• MATERIAL FOR THIS TASK:
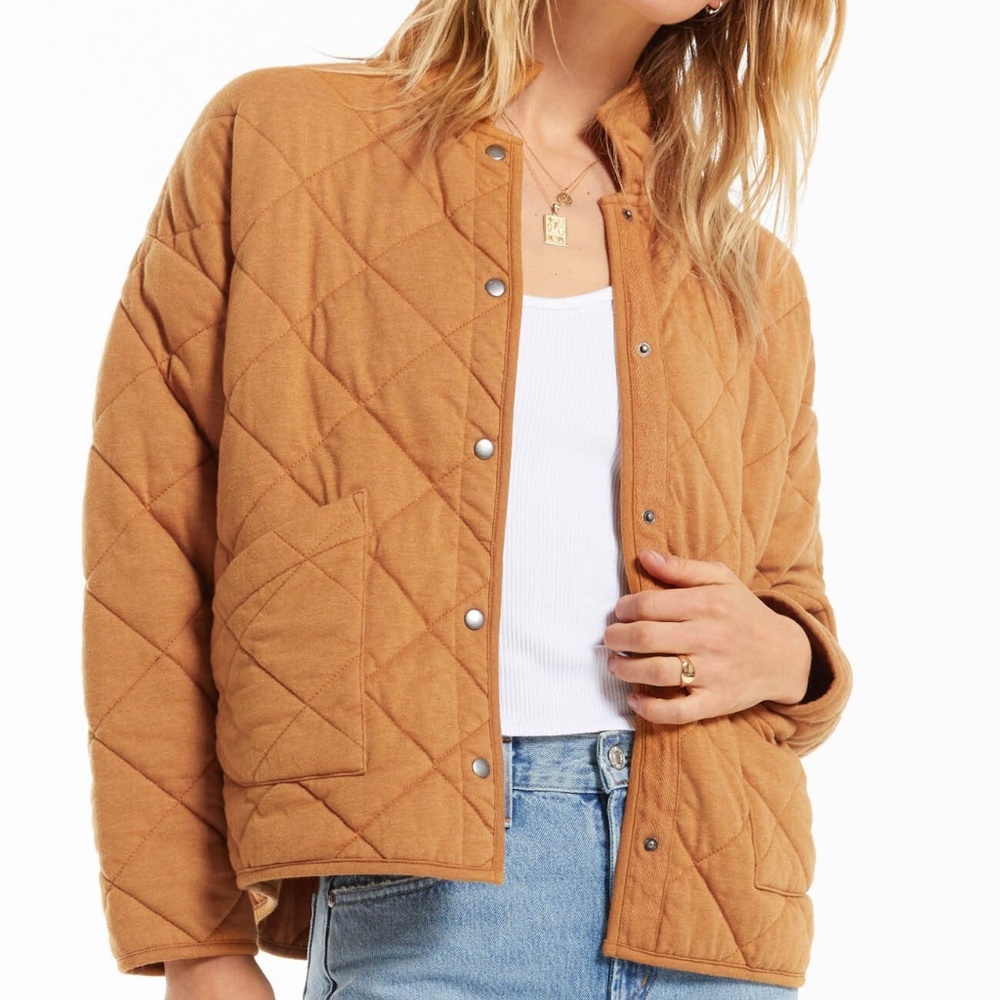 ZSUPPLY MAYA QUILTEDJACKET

* * *

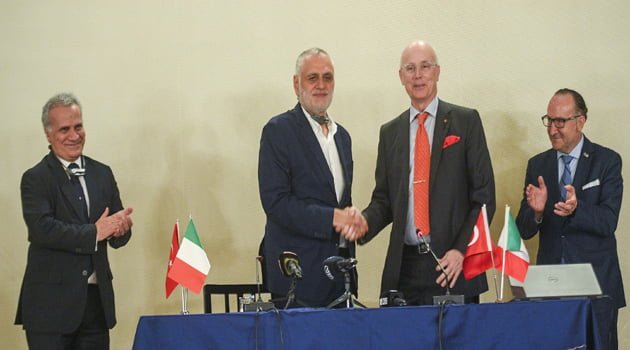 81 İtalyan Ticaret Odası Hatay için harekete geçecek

...

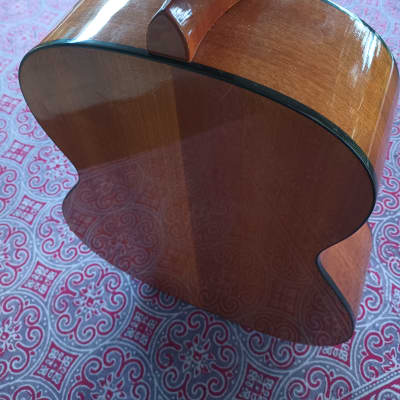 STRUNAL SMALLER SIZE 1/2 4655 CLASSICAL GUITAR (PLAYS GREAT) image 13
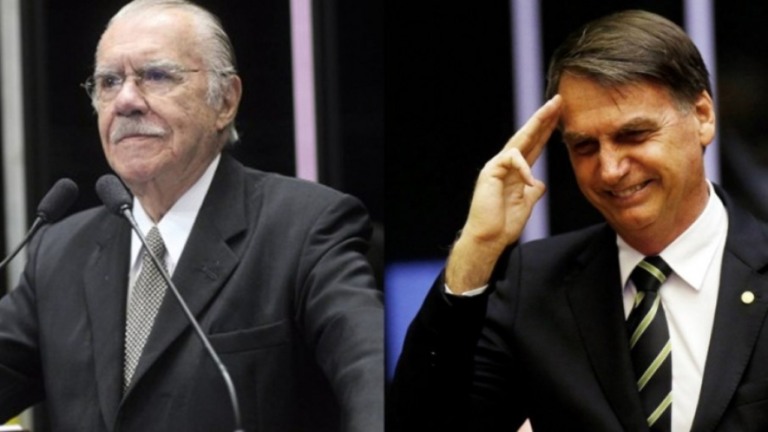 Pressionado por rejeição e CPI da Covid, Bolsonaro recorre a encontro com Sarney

• DIRECTIONS FOR THIS TASK:
Everything from the line with "STRUNAL SMALLER SIZE" through the line with "Pressionado por rejeição" in the material above should be transcribed exactly, except the pictures.

• PROBLEM SOLUTION:
 STRUNAL SMALLER SIZE 1/2 4655 CLASSICAL GUITAR (PLAYS GREAT) image 13
 Pressionado por rejeição e CPI da Covid, Bolsonaro recorre a encontro com Sarney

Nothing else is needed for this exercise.